ARPES spectra of FeSe at 12 K. (a1) Spectrum taken along $k_x$. (a2) Spectrum taken along $k_y$. (a3) EDCs obtained from (a1) and (a2) integrated between $k=(0,-1.2){\mathring{\mathrm{A}}}^{-1}$ as indicated by the bars on the top of the spectra. (b) same as (a) but zoomed into a smaller energy window close to $E_{\mathrm{F}}$. Sketches in (b1) and (b2) indicate the measurement directions in the BZ and the orientation of the LV light polarization. The dominantly probed Fe $3d$ orbital character ($xz,yz$) is indicated in each panel.
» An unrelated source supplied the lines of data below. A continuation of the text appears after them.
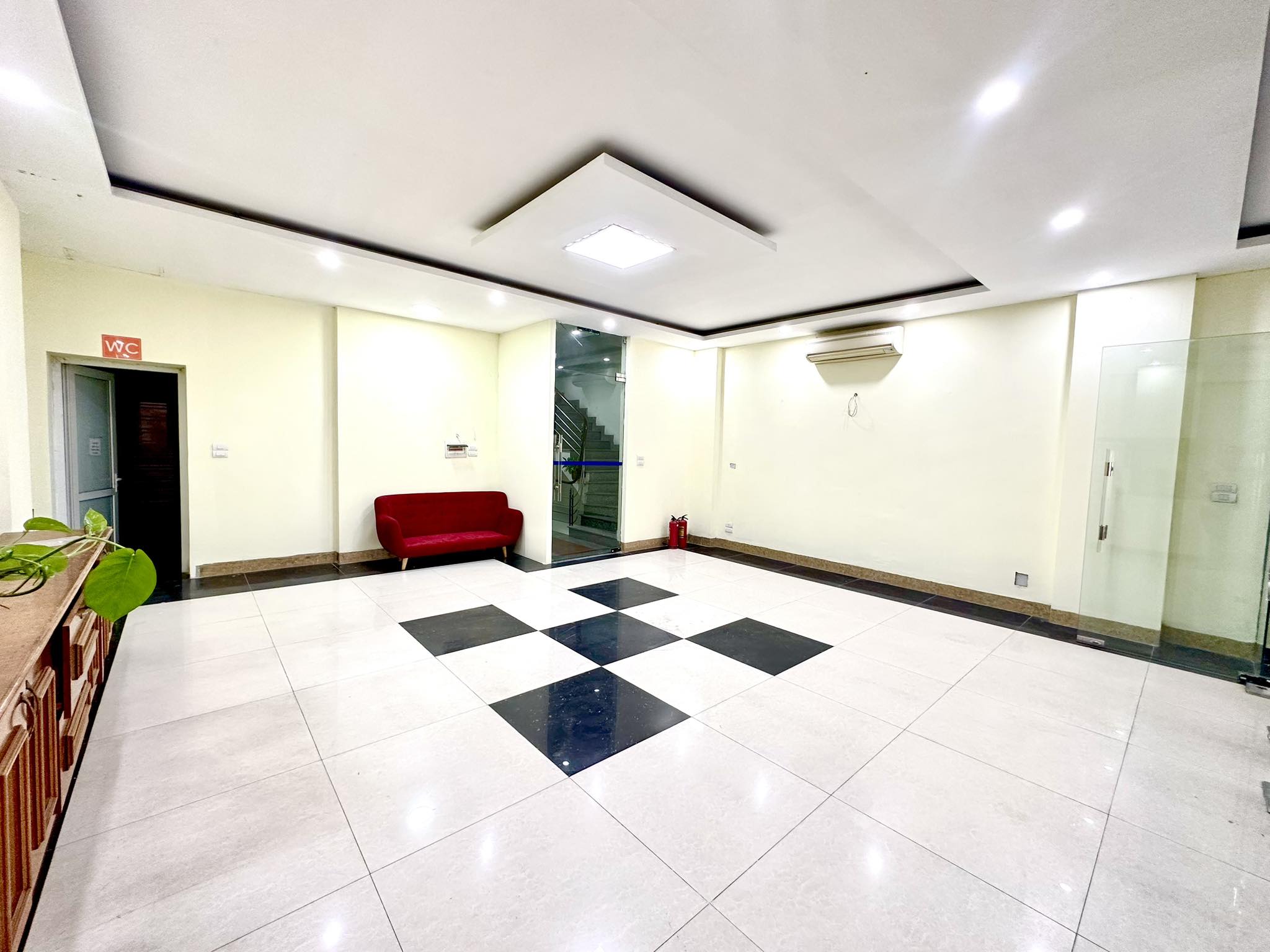 Mặt bằng kinh doanh, cửa hàng số 88/203 Hoàng Quốc Việt, Phường Nghĩa Đô, Hà Nội - ảnh 2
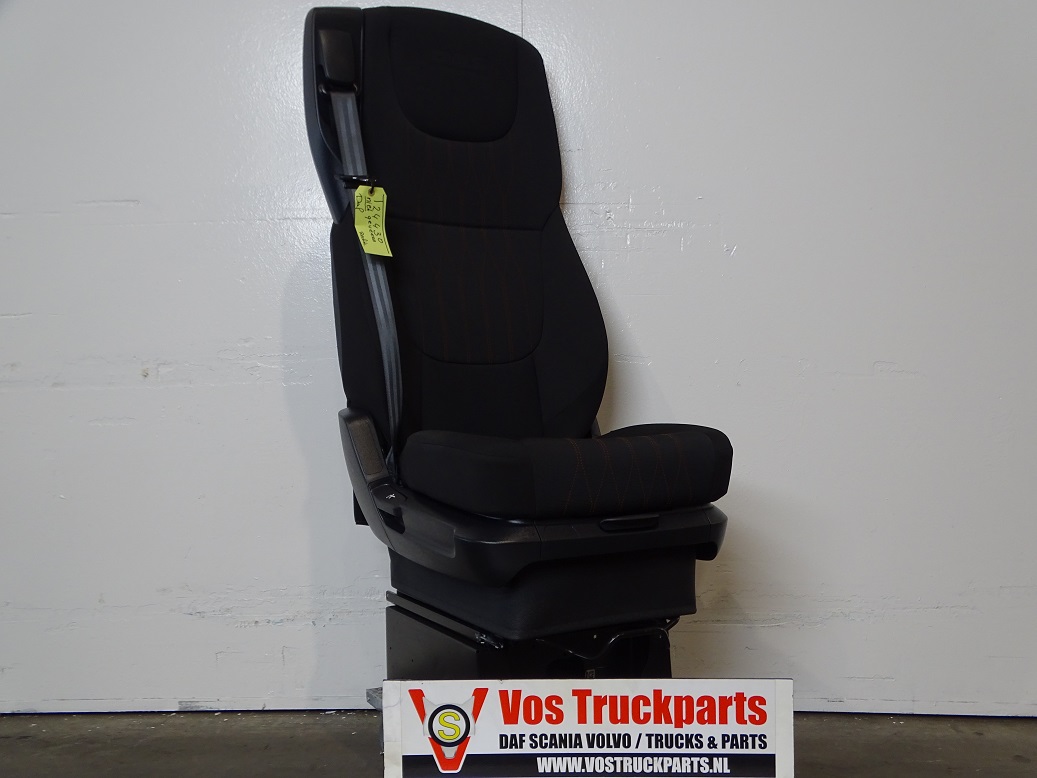 Co-driver seat with daf logo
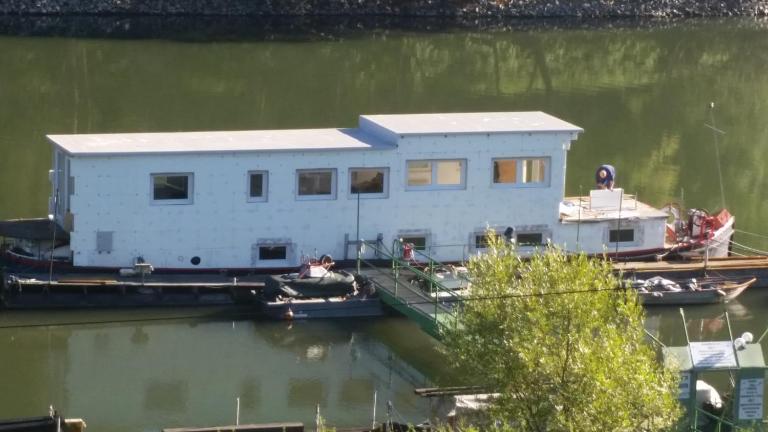 Sportboot Lorenzo - B&B Bornheim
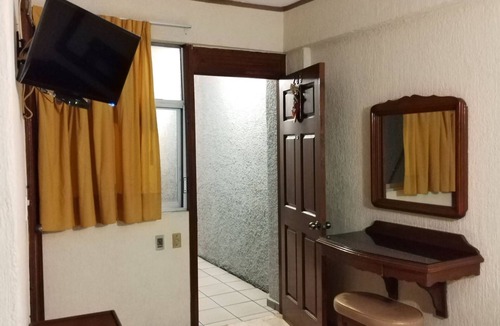 Hornos Hotel | Hotel Valadié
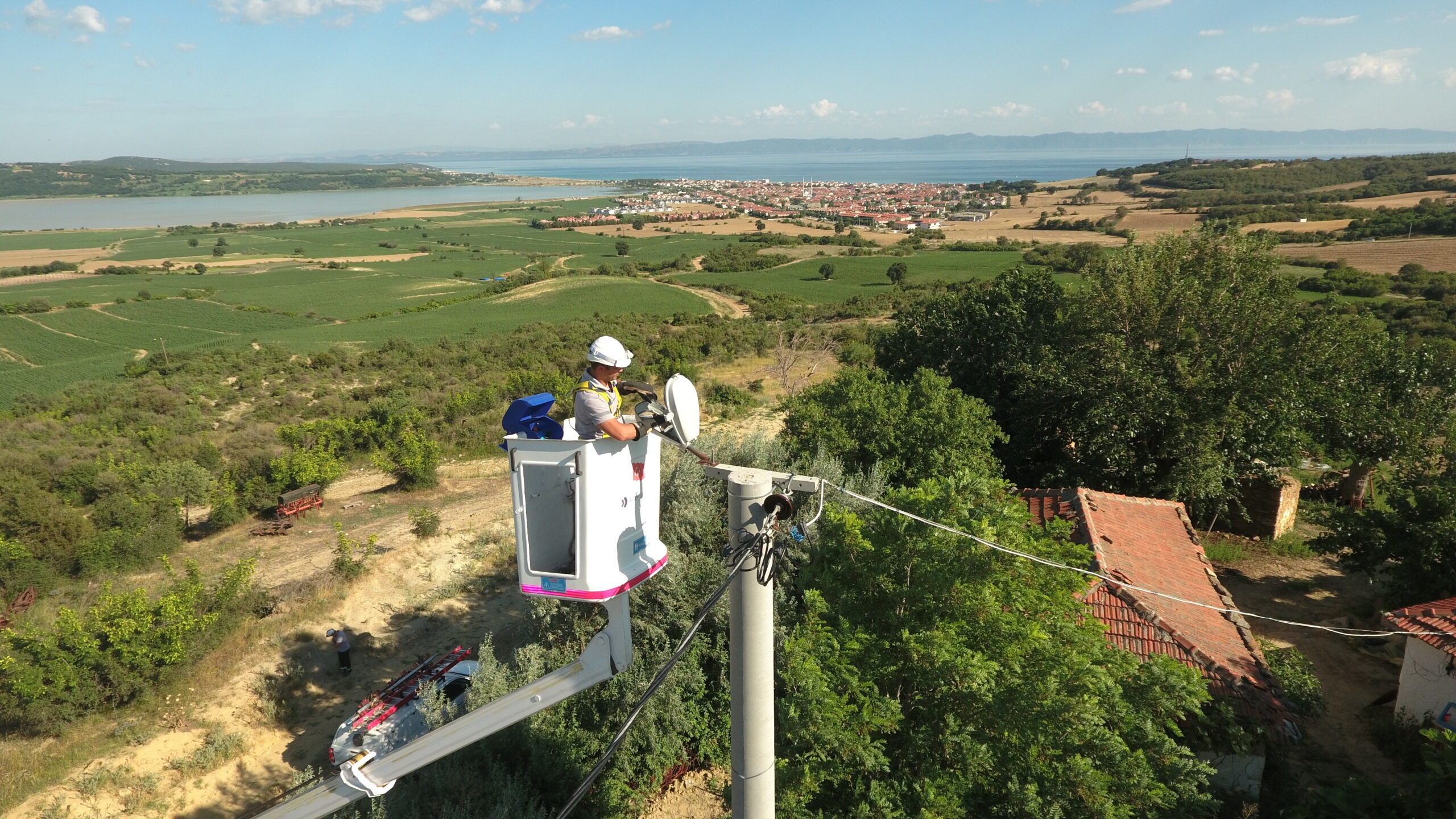 TREDAŞ’tan tatil beldelerinde yaz hazırlığı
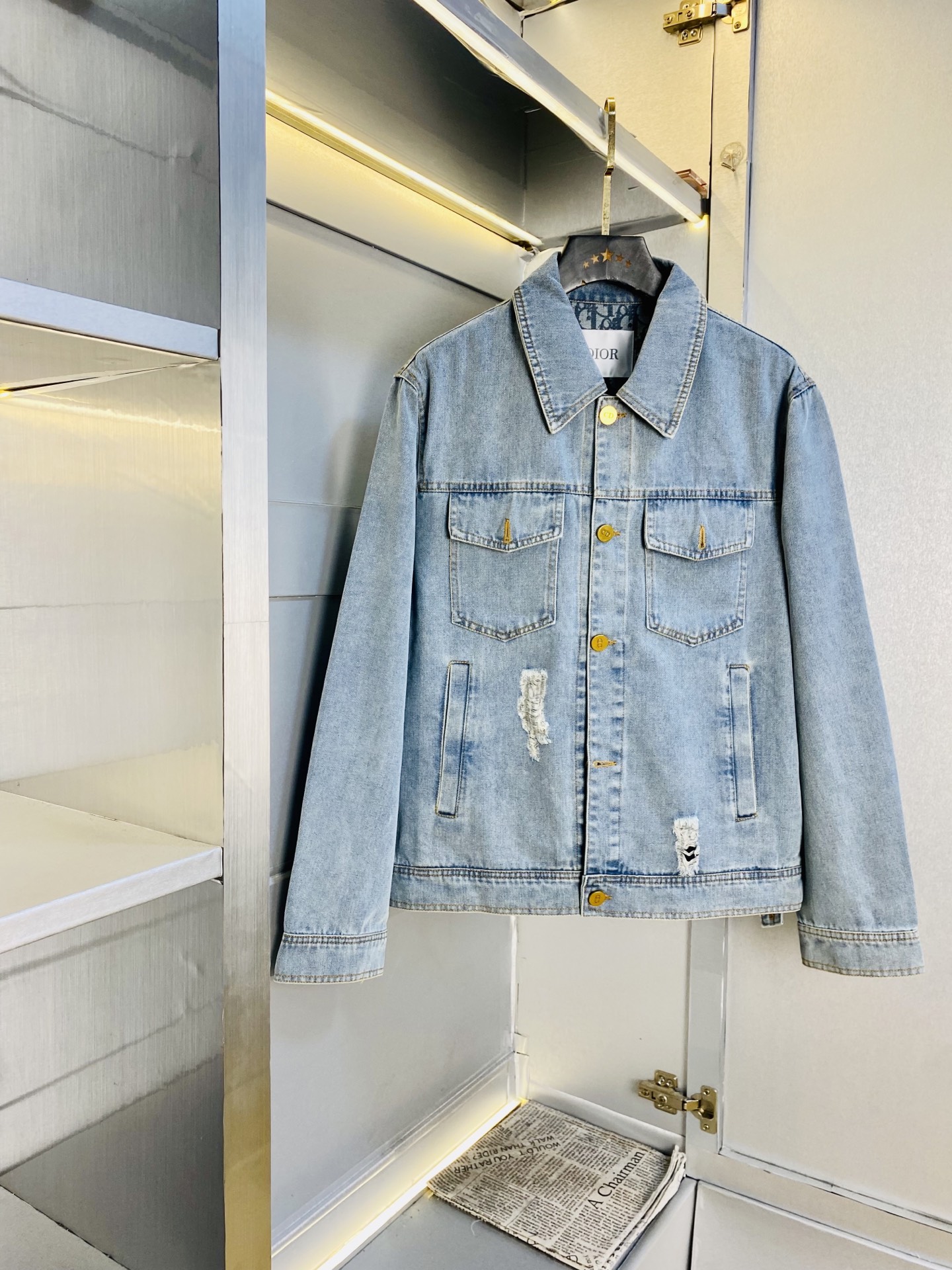 NO:743523,The original item from the official website can wear 200 pounds of Dior 2026 spring style!  New denim jacket and windproof jacket. High version and high quality. The original fabric is the same as that of Internet celebrity stars. Open mold to customize hardware accessories. Very comfortable. Super versatile and good-looking jacket. Not ordinary version in the market. Compare at will. Quality is absolutely guaranteed. Color pictures and colors. Sizes M-3XL, dior, dior, jackets & coats, jackets & coats,19860909官网原单货 可穿200斤迪奥Dior 2026春款！新款牛仔外套夹克防风衣 高版本高品质 原版面料网红明星同款 开模定制五金辅料 感非常舒服 超级百搭好看的一款外套 非市场普通版本 随意对比 品质绝对保证 颜色图色 尺码M-3XL,,dior,dior,jackets & coats,jackets & coats,,Men's clothing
Bars on top of the spectra show the momentum integration window for the EDCs discussed in (a3) and (b3) (EDC 1) and in Figs. 3 (EDC 2) and 4 (EDC 3).

Figure 3

Comparison of EDCs along $k_x$ and $k_y$ taken close to $\mathrm{\Gamma }$. The momentum integration window for the EDCs is indicated in Fig. 2 with the label EDC 2. (a) EDCs shown in the whole measured energy window. (b) Difference of intensity $I$ between the two EDCs shown in (a). We limit the displayed range on the vertical axis in order to highlight anisotropies around the Hubbard band located around $-1$ eV. The signature of the quasiparticle peak is therefore cut off in this plot. (c) Zoom of (a) into smaller energy scales close to the Fermi level to highlight anisotropies in the quasiparticle spectral weight of the hole bands.

Figure 4

Comparison of EDCs along $k_x$ and $k_y$ taken close to $M_X$ and $M_Y$. The momentum integration window for the EDCs is indicated in Fig. 2 with the label EDC 3. (a) EDCs shown in the whole measured energy window. (b) Difference of intensity $I$ between the two EDCs shown in (a). We limit the displayed range on the vertical axis in order to highlight anisotropies around the Hubbard band located around $-2$ eV. The signature of the quasiparticle peak is therefore cut off in this plot. (c) Zoom of (a) into smaller energy scales close to the Fermi level to highlight anisotropies in the quasiparticle spectral weight of the electron bands.